As of March, some 28 million BREW applications had been downloaded worldwide.
"The story here is that BREW is real and it is making money," said Peggy Johnson, president of Qualcomm's Internet services division.
That theme was sounded repeatedly at this year's BREW Developer Conference, which ends today at the Sheraton San Diego Hotel and Marina on Harbor Island and has attracted a sell-out crowd of some 1,200 attendees.
Ray Rischpater, senior engineer at Rocket Mobile, a small wireless software firm in Silicon Valley, said BREW has allowed his company to become profitable and grow from three to 10 employees.
"It is definitely helping pay our rent," Rischpater said.
Still, the technology has plenty of challenges ahead. Some analysts say BREW faces serious competition from Sun Microsystems' Java wireless platform, which already has a larger subscriber base.
In addition, BREW is seen as having a limited reach because the technology works only on phones that use Qualcomm's wireless technology and wireless phone chips. Of the 700 million cell phones worldwide, about 20 percent use Qualcomm's patented technology, which is called code division multiple access, or CDMA.
But Paul Jacobs, president of Qualcomm's Wireless Internet Group, said both concerns are nonissues. Java, which is often characterized as a competitor, actually works with BREW, he explained.
"If someone wants to write a program in Java, then go ahead," Jacobs said. "Java works with BREW."
As for having a small market, Jacobs pointed out that seven carriers around the globe in such hot wireless markets as Japan, South Korea, China and the United States have rolled out BREW service.
Verizon, the largest wireless carrier in the United States, offers BREW applications through its Get It Now service.
According to the Zelos Group, a market research firm, some 13 million Java phones will be sold in the United States this year compared with 10 million BREW phones. In 2004, Zelos sees Java's lead expanding with some 27 million Java-enabled phones being sold compared with 15 million BREW-capable phones.
Scott Miller, who covers the wireless industry for Current Analysis, a market research firm, said concerns over the market size for BREW are premature.
"The downloadable application market is a relatively small business," Miller said. "It is far too early to say BREW is a niche or Java is a niche. Right now, they are both niche markets."
Thomas Ellsworth, executive vice president of marketing for Jamdat, a wireless game developer, said his company uses both Java and BREW to develop new games.
"The ultimate customer is the American consumer who is going to vote with their thumbs," Ellsworth said. "We say put our games in front of as many of those customers, regardless of the technology."
Jeffery Nelson, spokesman for Verizon Wireless, said BREW is attractive not only for its technology but because it provided an entire billing and developing system, which made it easy for Verizon to offer new services cheaply and quickly.

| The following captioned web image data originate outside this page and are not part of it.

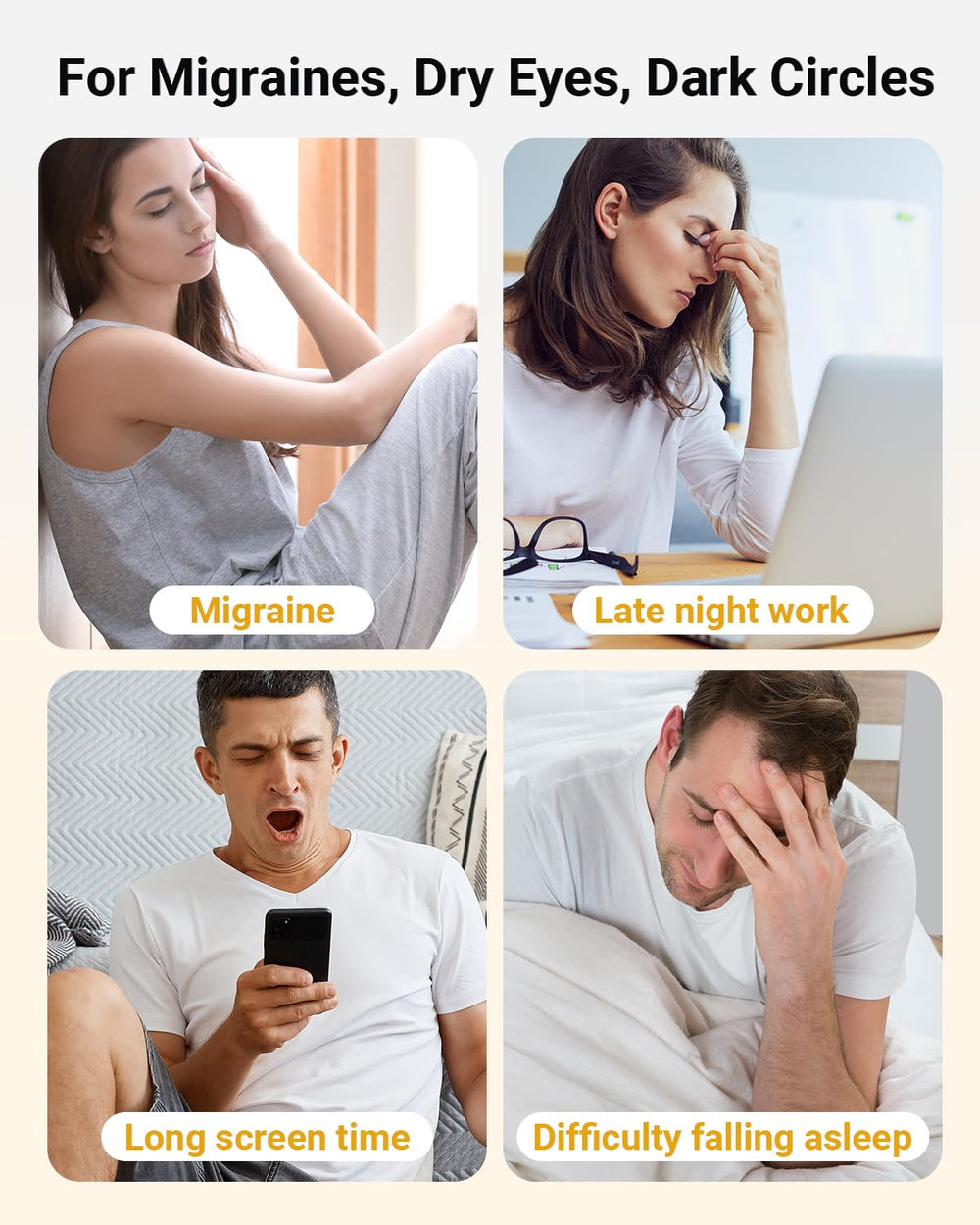Comfytemp Eye Massager memory function recalls last settings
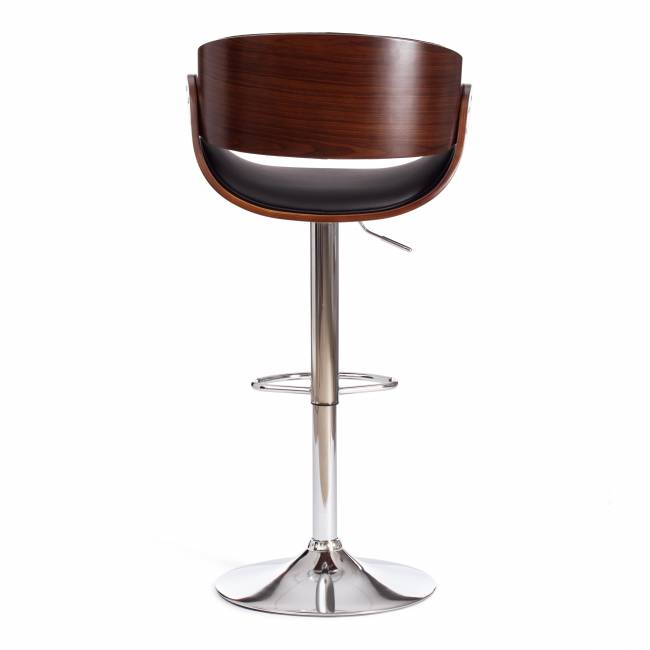 Барный стул LANDO (mod.4036) металл/дерево/экокожа, 59х51х93-114 см, высота сиденья 62-83 см, черный/орех/хром орех темный, черный металл/дерево/экокожа Барный стул LANDO (mod.4036) металл/дерево/экокожа, 59х51х93-114 см, высота сиденья 62-83 см, черный/орех/хром орех темный, черный металл/дерево/экокожа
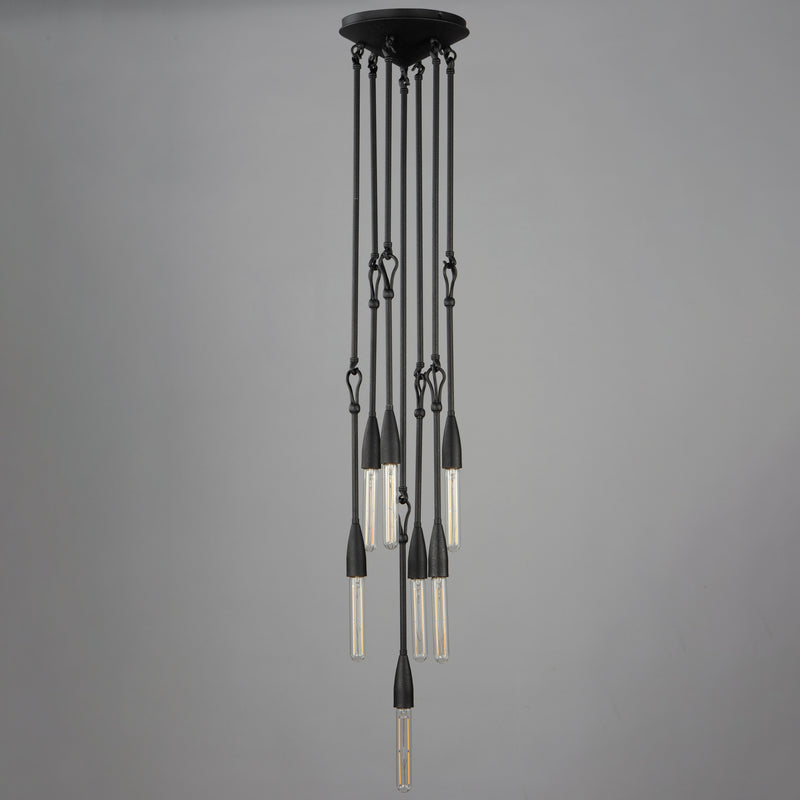 Maxim 27716AR Pioneer 7 Light Pendant | Anthracite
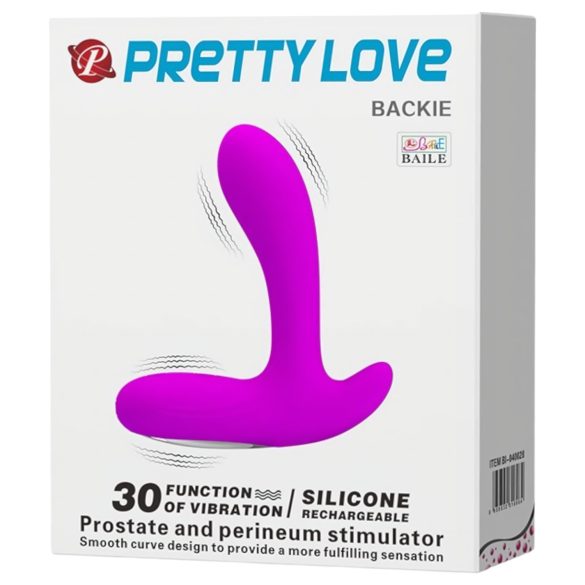 Pretty Love Backie - masajeador prostático vibrador - silicona rosa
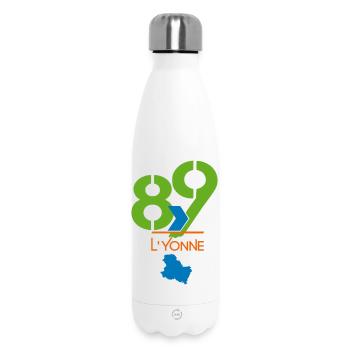 Logo 89 L'Yonne - Thermosflasche 500 ml - Weiß - Vorne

When Verizon customers download an application through the Get It Now service, they are told how much the application costs and those costs then appear on their monthly cell-phone bill. For every application that is downloaded, Verizon, the developer and Qualcomm split the proceeds.
"The great thing about the BREW service is that it is not just a technology but an overall system," Nelson said. "BREW has saved Verizon significant resources and got to market first."
Miller agreed.
"At the end of the day, BREW is much more a billing and distribution system than it is a technology platform," he said.
That is more than enough, said Michael King, a San Diego-based analyst for the Gartner Group. Carriers such as Sprint that decided to build application downloading systems from the ground up have had a harder time.
"We are still waiting for them to perform," he said.
King acknowledged that selling wireless Internet applications is difficult, as most people still only want to use their cell phones for voice calls. But he said BREW's ease of use can be a shot in the arm for the wireless Internet.
"The most important thing BREW does is provide somewhat of a success story for wireless data. That's good news for the entire industry," King said.